Task statement | Please retype every record below exactly, leaving the pictures out.

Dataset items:
※

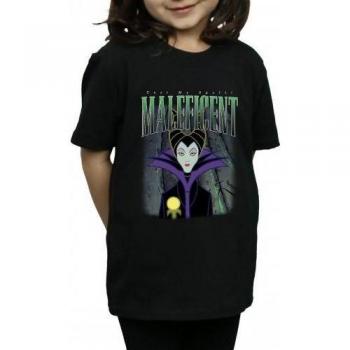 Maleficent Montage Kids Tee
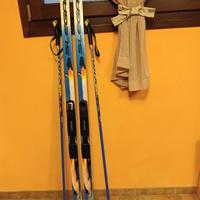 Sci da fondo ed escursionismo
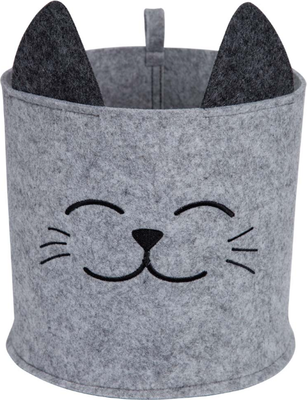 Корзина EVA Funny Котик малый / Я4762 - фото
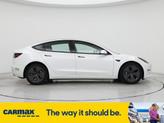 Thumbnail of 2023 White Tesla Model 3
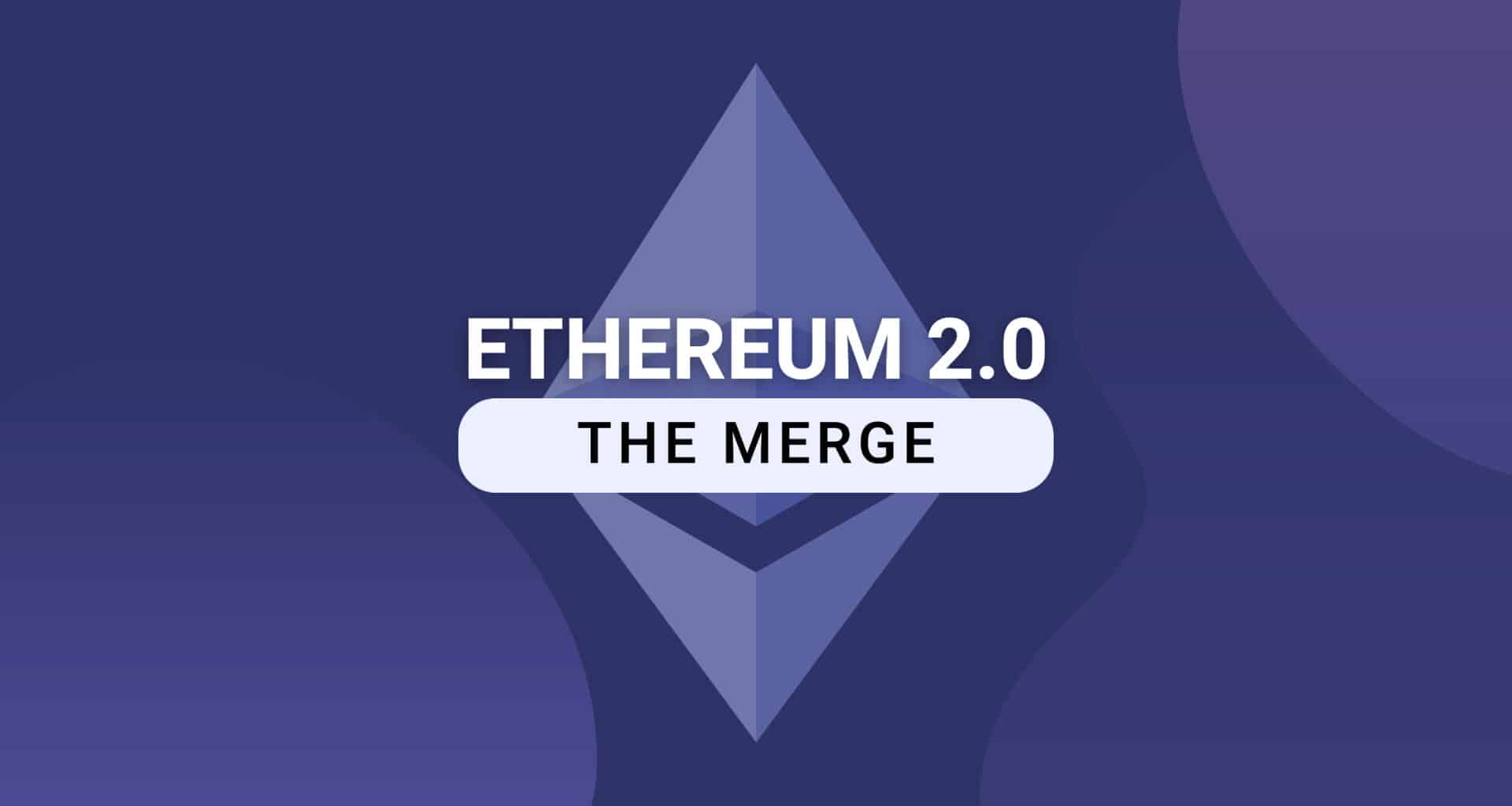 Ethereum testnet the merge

※

Solution for this problem |
 Maleficent Montage Kids Tee
 Sci da fondo ed escursionismo
 Корзина EVA Funny Котик малый / Я4762 - фото
 Thumbnail of 2023 White Tesla Model 3
 Ethereum testnet the merge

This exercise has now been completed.